Task directions: Using the material below, repeat exactly the lines from the one with "When you play" through the one with "Hey guys, what's", ends included, without any images.
Supplied entries START
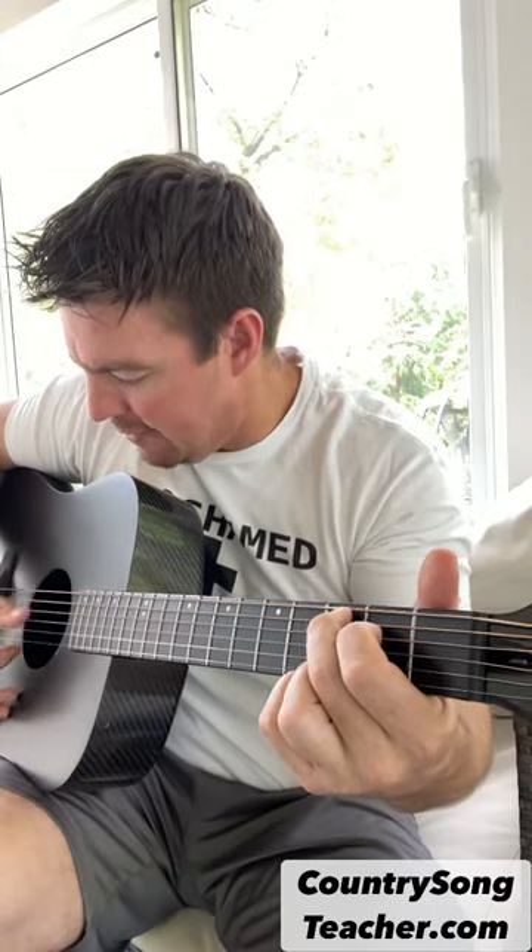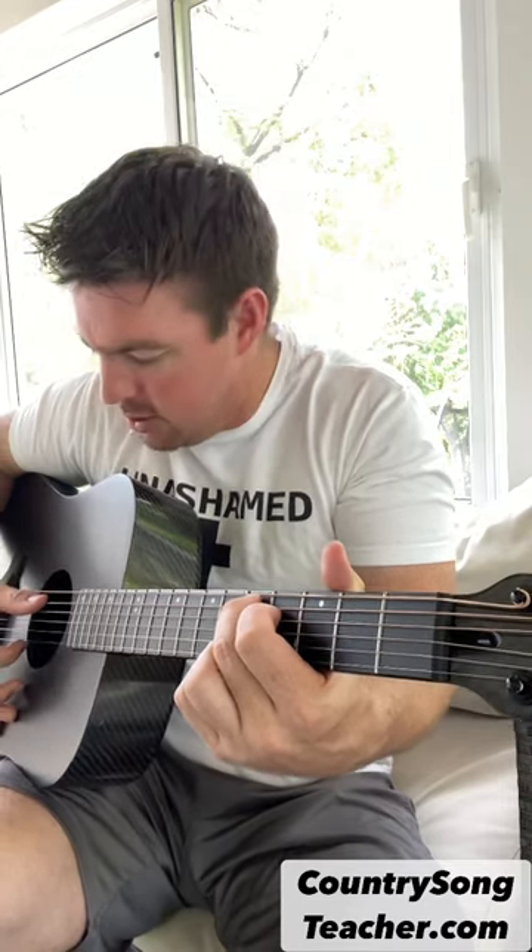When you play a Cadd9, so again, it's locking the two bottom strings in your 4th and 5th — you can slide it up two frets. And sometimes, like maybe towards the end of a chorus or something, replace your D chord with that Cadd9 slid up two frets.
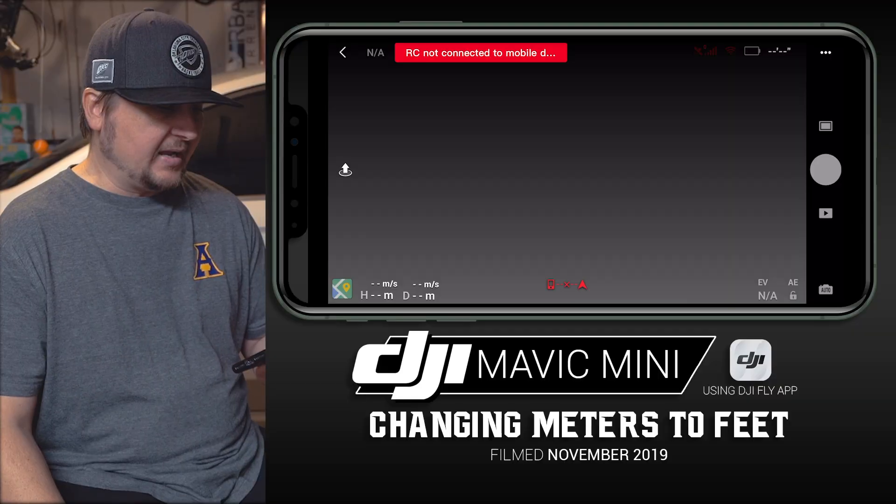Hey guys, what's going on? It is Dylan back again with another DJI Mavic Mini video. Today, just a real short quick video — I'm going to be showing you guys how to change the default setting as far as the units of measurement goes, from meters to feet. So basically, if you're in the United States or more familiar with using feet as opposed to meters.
Supplied entries END
Supplied entries START
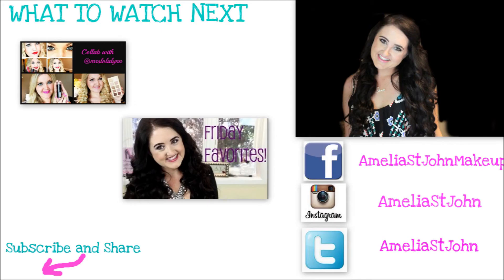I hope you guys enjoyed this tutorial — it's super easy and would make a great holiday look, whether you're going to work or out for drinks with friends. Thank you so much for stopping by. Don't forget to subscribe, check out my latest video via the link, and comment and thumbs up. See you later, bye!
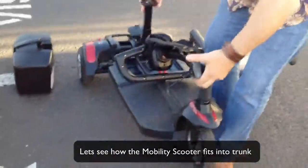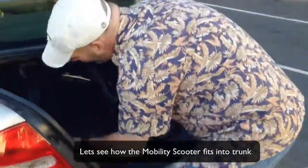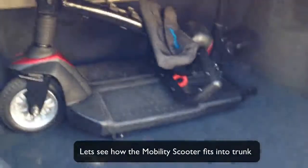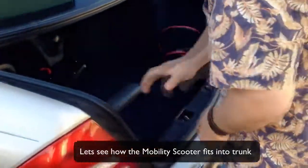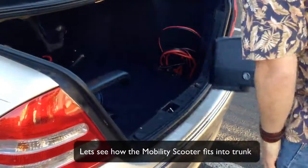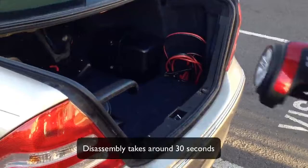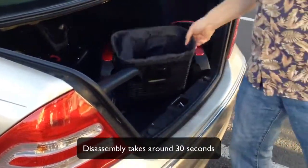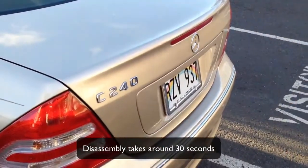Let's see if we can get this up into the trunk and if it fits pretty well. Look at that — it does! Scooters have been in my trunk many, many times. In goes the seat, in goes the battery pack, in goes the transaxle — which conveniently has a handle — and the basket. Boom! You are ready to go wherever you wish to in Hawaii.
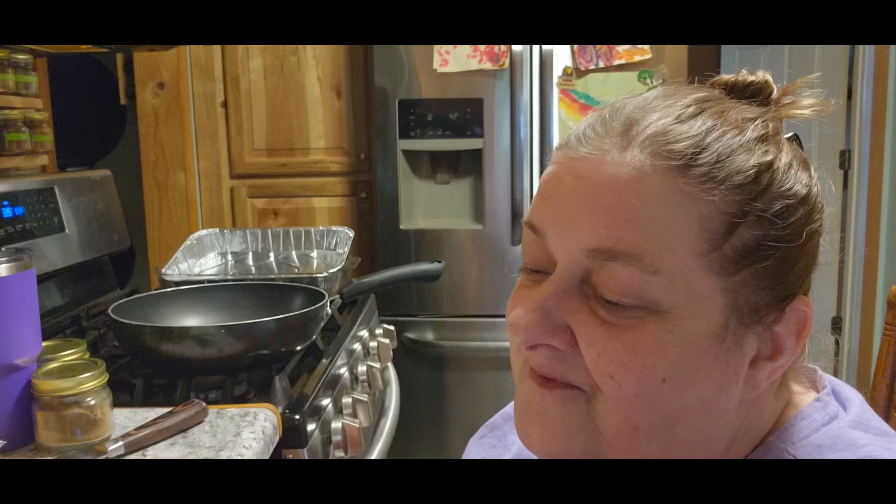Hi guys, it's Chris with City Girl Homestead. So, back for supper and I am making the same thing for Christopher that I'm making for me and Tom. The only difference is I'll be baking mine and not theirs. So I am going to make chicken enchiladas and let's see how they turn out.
Supplied entries END
Response area:
When you play a Cadd9, so again, it's locking the two bottom strings in your 4th and 5th — you can slide it up two frets. And sometimes, like maybe towards the end of a chorus or something, replace your D chord with that Cadd9 slid up two frets.
Hey guys, what's going on? It is Dylan back again with another DJI Mavic Mini video. Today, just a real short quick video — I'm going to be showing you guys how to change the default setting as far as the units of measurement goes, from meters to feet. So basically, if you're in the United States or more familiar with using feet as opposed to meters.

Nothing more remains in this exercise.